### EXTRACTED MATERIAL
■ ■ ■ ■ ■

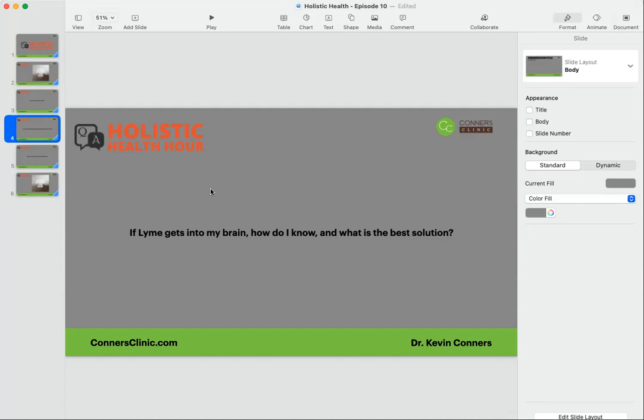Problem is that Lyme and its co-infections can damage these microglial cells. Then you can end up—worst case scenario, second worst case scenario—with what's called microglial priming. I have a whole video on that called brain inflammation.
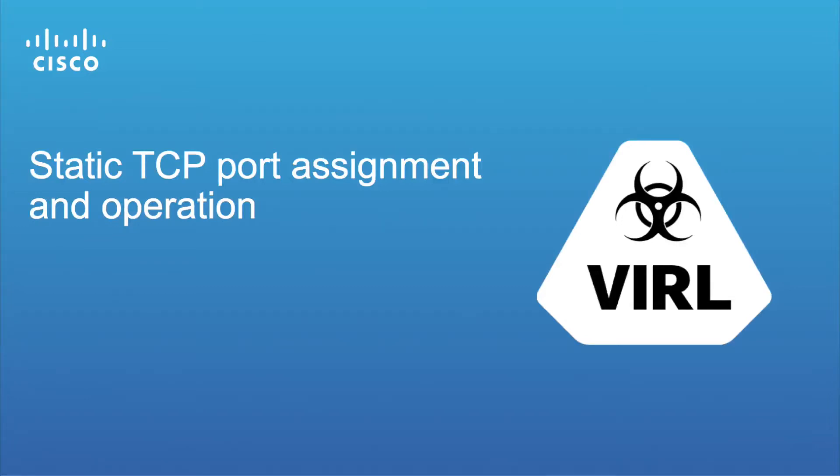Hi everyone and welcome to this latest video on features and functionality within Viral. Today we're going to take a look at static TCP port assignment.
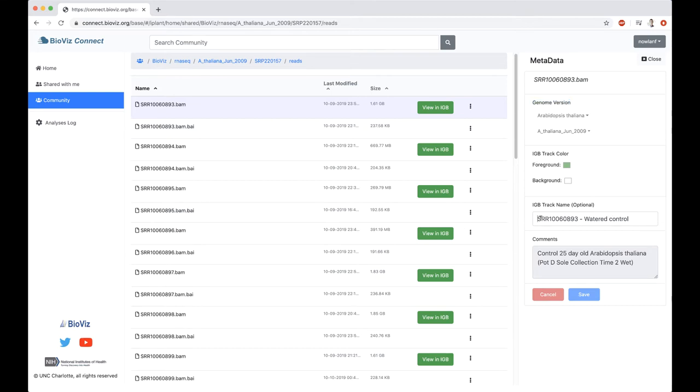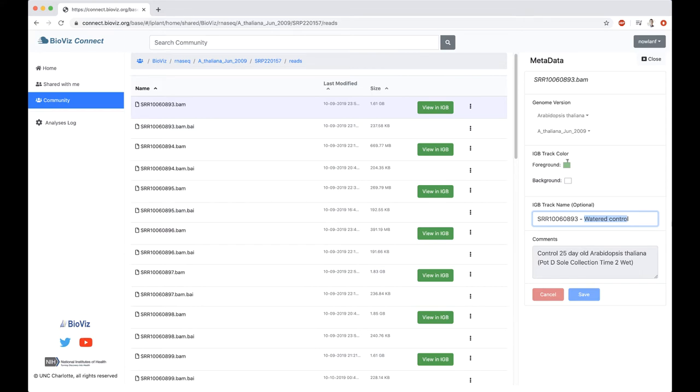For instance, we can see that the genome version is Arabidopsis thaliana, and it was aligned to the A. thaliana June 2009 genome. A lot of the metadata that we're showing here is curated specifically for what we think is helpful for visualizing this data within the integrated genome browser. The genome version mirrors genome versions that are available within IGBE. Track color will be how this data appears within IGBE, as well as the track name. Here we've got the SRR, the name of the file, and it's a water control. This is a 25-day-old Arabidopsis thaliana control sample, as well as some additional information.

■ ■ ■ ■ ■

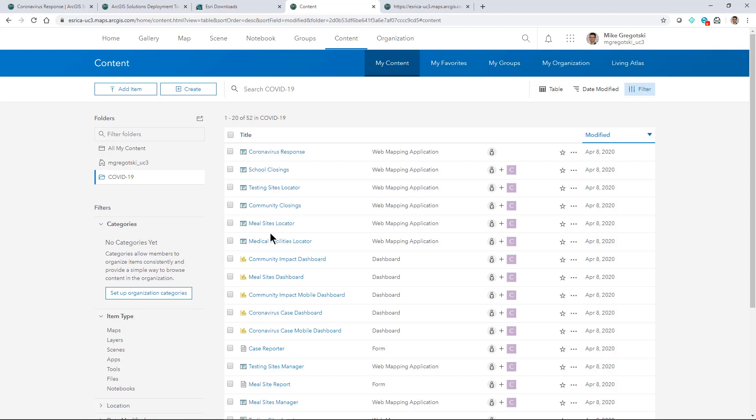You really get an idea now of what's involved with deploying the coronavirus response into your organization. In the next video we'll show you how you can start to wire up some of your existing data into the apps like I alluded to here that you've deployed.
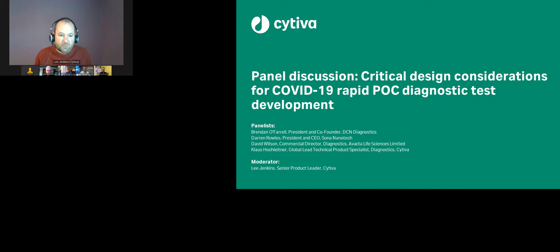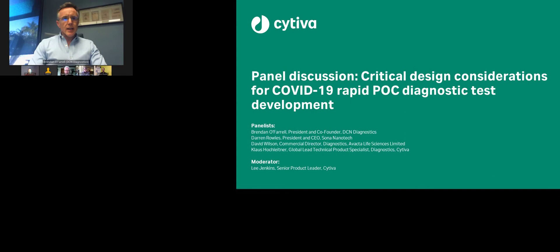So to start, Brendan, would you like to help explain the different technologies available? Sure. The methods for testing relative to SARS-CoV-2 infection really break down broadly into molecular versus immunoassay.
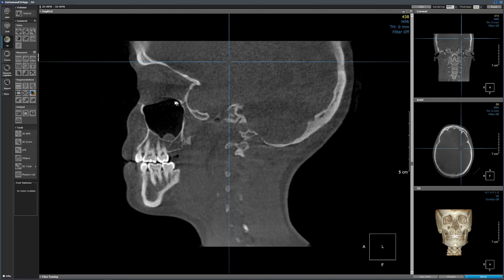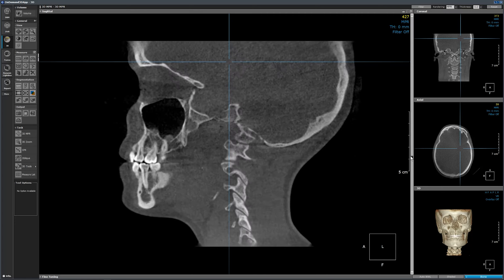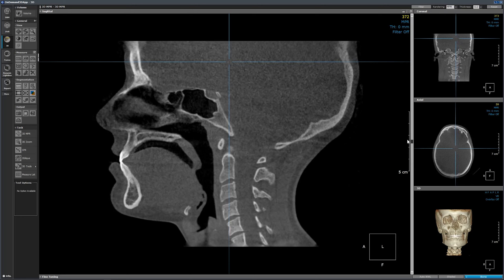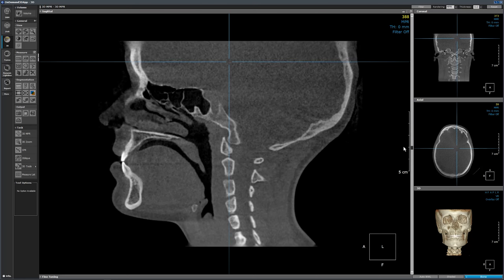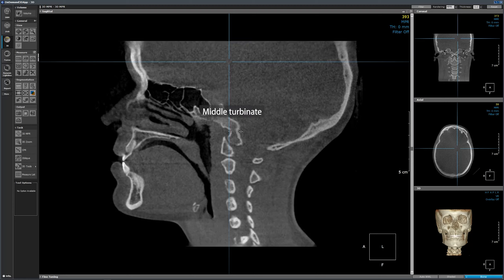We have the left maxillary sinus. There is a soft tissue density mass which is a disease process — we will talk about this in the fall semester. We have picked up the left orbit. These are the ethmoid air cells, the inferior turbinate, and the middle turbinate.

■ ■ ■ ■ ■

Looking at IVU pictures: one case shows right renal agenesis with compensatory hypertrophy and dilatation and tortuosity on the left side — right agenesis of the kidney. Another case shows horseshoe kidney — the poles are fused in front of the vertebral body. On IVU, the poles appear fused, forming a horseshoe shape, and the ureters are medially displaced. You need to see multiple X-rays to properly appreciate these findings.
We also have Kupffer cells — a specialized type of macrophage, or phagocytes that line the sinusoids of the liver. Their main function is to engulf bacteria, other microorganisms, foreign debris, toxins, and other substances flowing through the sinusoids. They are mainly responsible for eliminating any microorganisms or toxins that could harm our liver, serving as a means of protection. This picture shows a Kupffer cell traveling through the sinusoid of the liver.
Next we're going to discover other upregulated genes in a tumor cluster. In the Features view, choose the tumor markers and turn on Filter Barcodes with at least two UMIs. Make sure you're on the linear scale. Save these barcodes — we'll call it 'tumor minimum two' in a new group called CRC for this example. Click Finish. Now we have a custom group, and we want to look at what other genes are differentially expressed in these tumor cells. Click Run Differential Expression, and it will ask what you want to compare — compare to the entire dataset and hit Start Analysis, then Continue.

■ ■ ■ ■ ■

### EXERCISE DIRECTIONS
Scan the entries above for the line containing "Looking at IVU", and copy it and all lines after it exactly, down to and including the line containing "We also have".

### TASK OUTPUT
Looking at IVU pictures: one case shows right renal agenesis with compensatory hypertrophy and dilatation and tortuosity on the left side — right agenesis of the kidney. Another case shows horseshoe kidney — the poles are fused in front of the vertebral body. On IVU, the poles appear fused, forming a horseshoe shape, and the ureters are medially displaced. You need to see multiple X-rays to properly appreciate these findings.
We also have Kupffer cells — a specialized type of macrophage, or phagocytes that line the sinusoids of the liver. Their main function is to engulf bacteria, other microorganisms, foreign debris, toxins, and other substances flowing through the sinusoids. They are mainly responsible for eliminating any microorganisms or toxins that could harm our liver, serving as a means of protection. This picture shows a Kupffer cell traveling through the sinusoid of the liver.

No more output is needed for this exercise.